In dire report, Pentagon warns of US bases imperiled by climate change
Washington — The US defence department has issued a dire report on how climate change could affect the nation’s armed forces and security, warning that rising seas could inundate coastal bases and drought-fueled wildfires could endanger inland ones.
The 22-page assessment delivered to Congress on Thursday says about two-thirds of 79 mission-essential military installations in the US that were reviewed are vulnerable to current or future flooding, with more than half vulnerable to current or future drought. About half also are at risk from wildfires, including the threat of mudslides and erosion from rains following the blazes.
“The effects of a changing climate are a national security issue with potential impacts to department of defence missions, operational plans and installations,” defence department spokesperson Heather Babb said in an e-mail.

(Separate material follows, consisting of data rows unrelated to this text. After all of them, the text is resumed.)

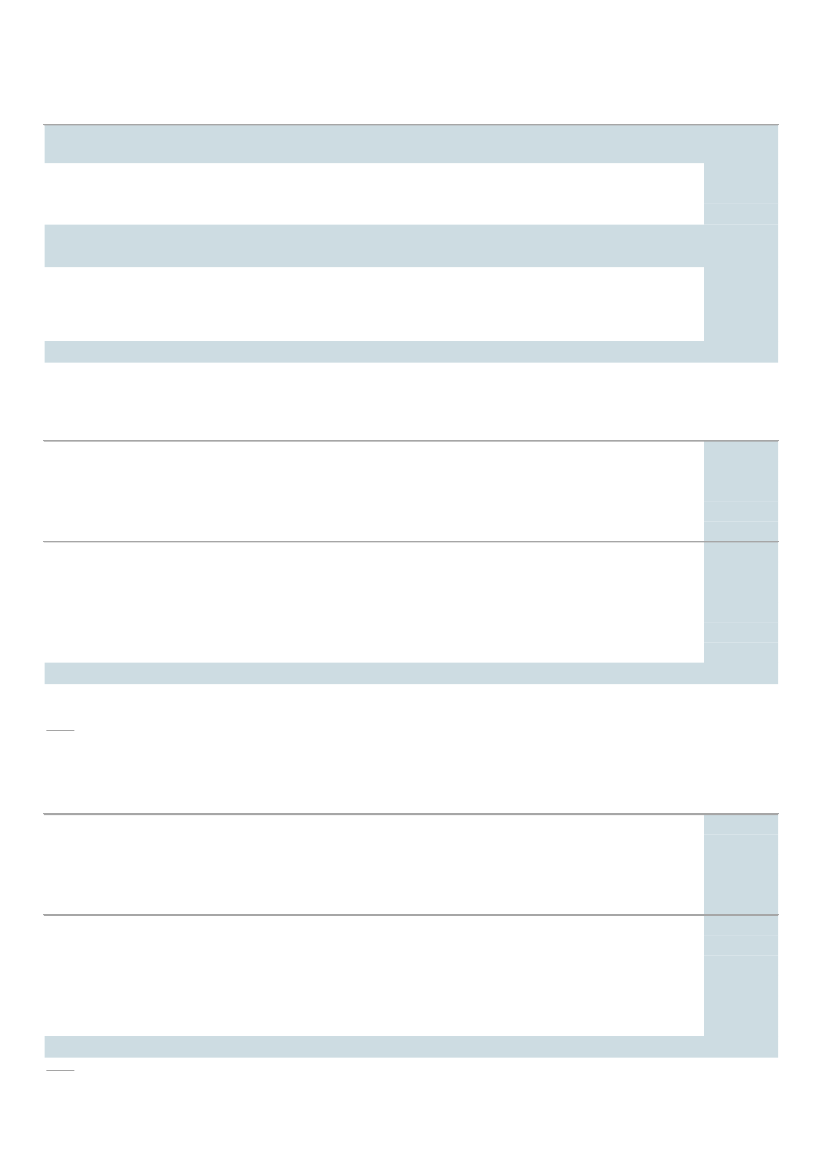 3036399_0069.png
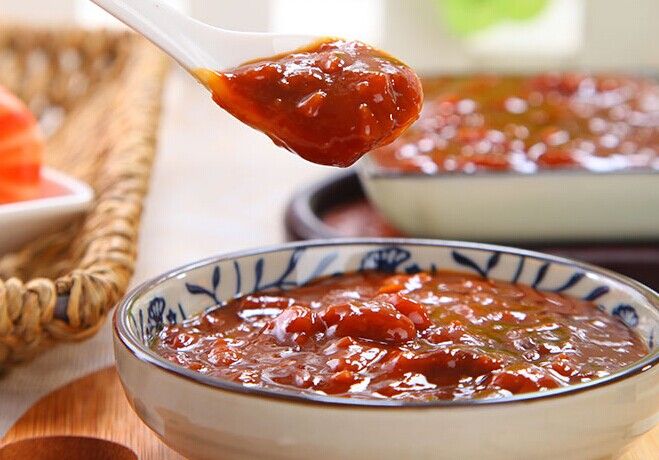 �S���u������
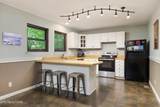 3197 Lower River Rd - Photo 3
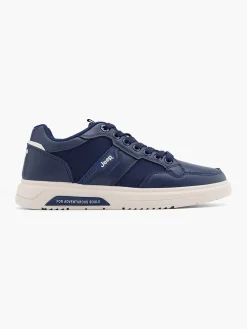 Herren Jeep SPIRIT Sneaker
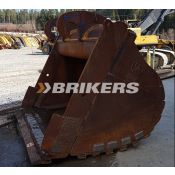 Caterpillar Attachment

The report, which was mandated by Congress, describes widespread impacts, dispersed across the US, with more coastal flooding along the East coast and Hawaii.

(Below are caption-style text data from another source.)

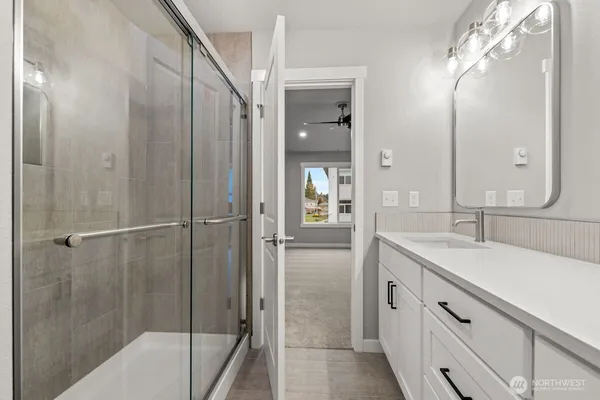 $669,990 | 16823 Alder Way, Unit K3, Lynnwood, WA 98037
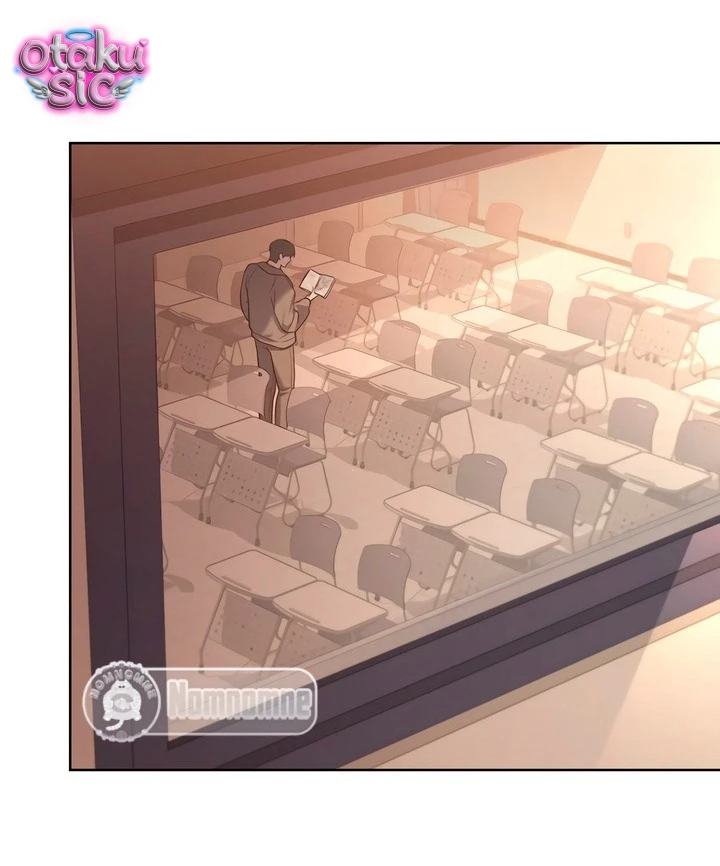 Thú Vui Của Kẻ Điên - Chap 36 - Trang 6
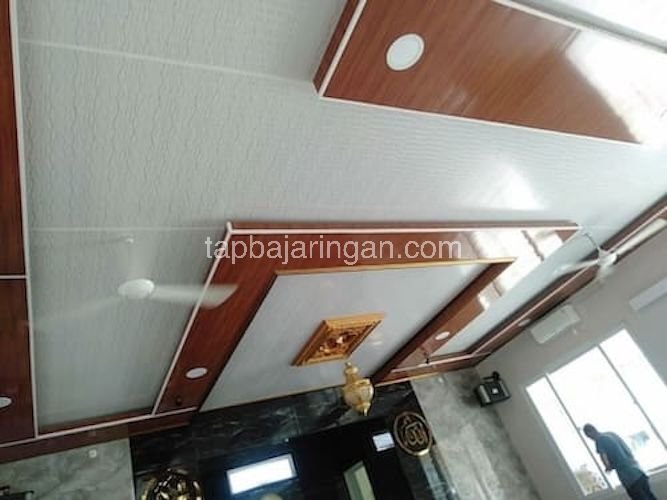 tap baja ringan - jasa pasang baja ringan terbaik di jabodetabek tukang pasang handal 014 tap baja ringan - jasa pasang baja ringan terbaik di jabodetabek tukang pasang handal 014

US military facilities are already encountering some of the effects, the Pentagon says, noting that joint base Langley-Eustis in Virginia has experienced 35.5cm of sea level rise since 1930. And navy base Coronado in California already experiences flooding during tropical storm events.

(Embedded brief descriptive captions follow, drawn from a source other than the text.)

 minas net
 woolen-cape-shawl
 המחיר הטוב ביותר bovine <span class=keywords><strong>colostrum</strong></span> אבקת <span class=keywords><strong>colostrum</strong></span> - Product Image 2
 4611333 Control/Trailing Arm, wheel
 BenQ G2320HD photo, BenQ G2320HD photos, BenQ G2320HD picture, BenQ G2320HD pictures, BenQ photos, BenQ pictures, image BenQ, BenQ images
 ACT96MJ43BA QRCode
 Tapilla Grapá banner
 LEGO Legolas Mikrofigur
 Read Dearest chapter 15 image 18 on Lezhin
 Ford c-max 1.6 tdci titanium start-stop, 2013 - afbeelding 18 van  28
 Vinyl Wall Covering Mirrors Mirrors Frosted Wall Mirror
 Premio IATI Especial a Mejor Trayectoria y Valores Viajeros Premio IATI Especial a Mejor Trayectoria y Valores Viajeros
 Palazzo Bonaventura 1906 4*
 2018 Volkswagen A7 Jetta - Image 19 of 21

In the Washington area, several defence department sites — including joint base Andrews, home of Air Force One — are experiencing drought conditions that have been severe for the past 16 years, the report says. These conditions can lead to ruptured utility lines and cracked roads, the Pentagon warns, as moisture disappears from soil.
The defence department stresses in its report that it is working with nations around the world “to understand and plan for future potential mission impacts” from climate change, describing it as “a global issue”.
Under the Obama administration, the effects of climate on the nation’s military was a top initiative, but the Trump administration has taken a different tack. In a reversal, climate change was omitted in 2017 as a threat from the US national security strategy, a list of threats facing the nation.
“Given future global energy demand, much of the developing world will require fossil fuels, as well as other forms of energy, to power their economies and lift their people out of poverty,” the 2017 strategy said. “US leadership is indispensable to countering an anti-growth energy agenda.”
The Obama administration had warned that climate change was an “urgent and growing threat to our national security”.